The importance of accessibility
Owners of non-cruising houseboats have the luxury of spending time making the entrance to their home safe while still looking great. Any homeowner, understandably, wants their home to look aesthetically pleasing and eye-catching, but the main thing on your mind should be safety and accessibility before beauty. Accessibility is important in all walks of live. Construction workers and builders have to take care and ensure they follow ADA guidelines when constructing a driveway, and it’s just as important for houseboat owners to make their property accessible and safe for all members of society, including young children, the elderly and those who are disabled.
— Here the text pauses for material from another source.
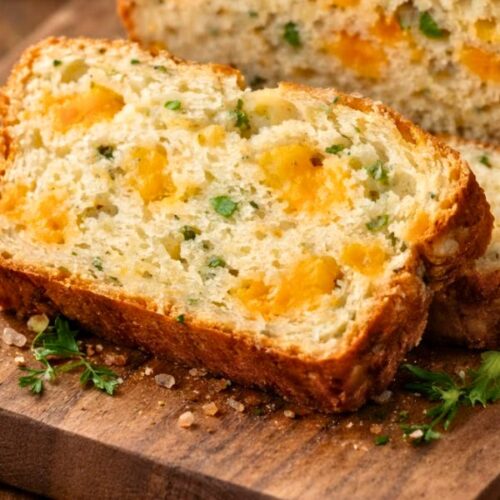 Garlic Herb Cheddar Bread Recipe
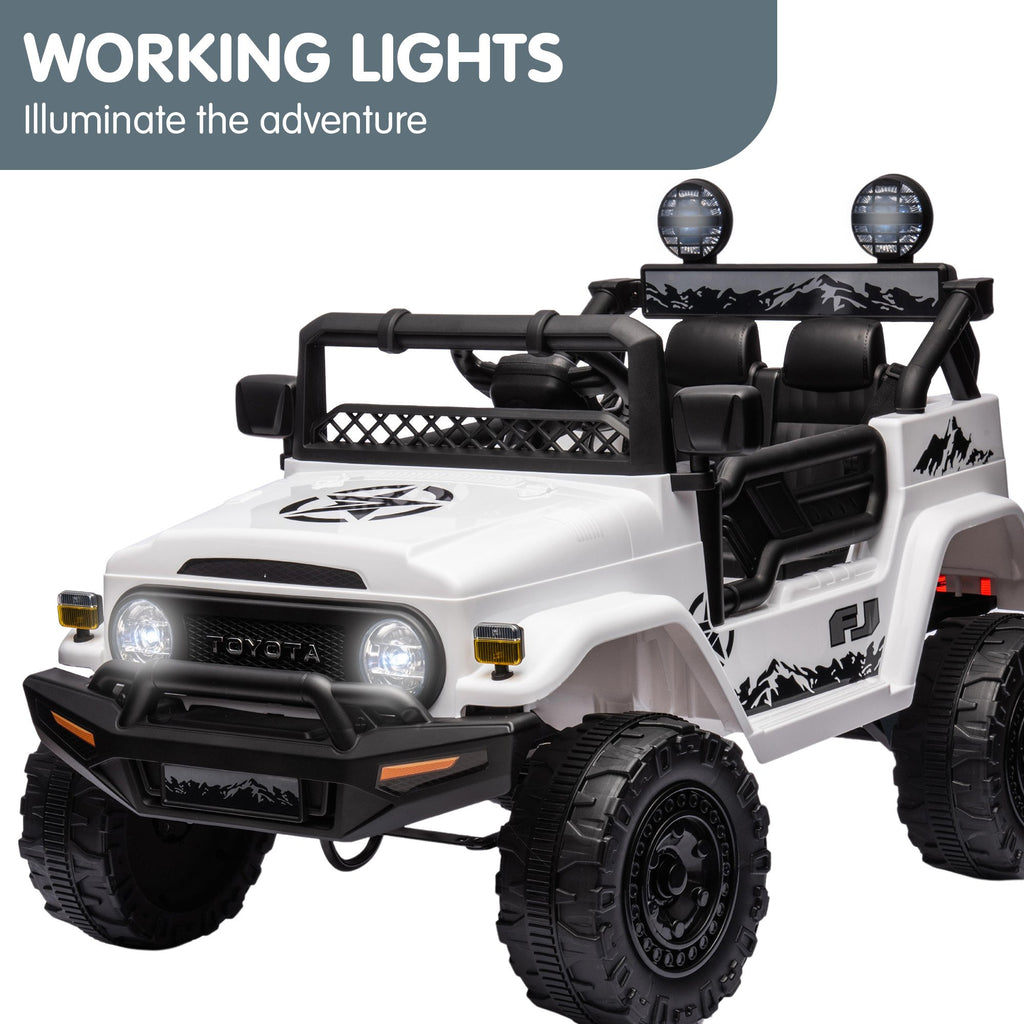 Toyota FJ Cruiser 12V Kids Electric Ride-On Car, White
When living on water, it’s inevitable that water will find its way onto the pathway directly outside your home. This could be simple rain water or water from the river where your houseboat is moored. To prevent any slips or falls, keep a mop handy to clean up any large puddles and it’s worth investing in a wet floor sign to remind visitors, who may not be used to a houseboat environment, to take care when approaching. Sensible footwear is also recommended to keep you sturdy on your feet when coming and going to your houseboat.
Keep it basic
If your houseboat is static, it’s tempting to liven the surroundings and pathway to the boat with lots of knick-knacks and flower arrangements to give it a real sense of life. Of course, there is nothing wrong with this, however, you should ensure that ornaments aren’t a trip hazard and that plant pots are kept to one side, overhanging branches are trimmed back and dead flower heads are removed to prevent them from falling to the ground, getting wet and becoming slippery.
For houseboats that frequently travel, every stop you take should be assessed for its safety and accessibility. Avoid mooring next to muddy banks where it will prove difficult to get on and off your houseboat without injury. Instead, opt for locations where you can freely see where and what you will be stepping onto and where it’s not too overcrowded by people and other houseboats.
By following some simple tips, houseboat owners can be sure that the pathway to their homes is safe and accessible to all.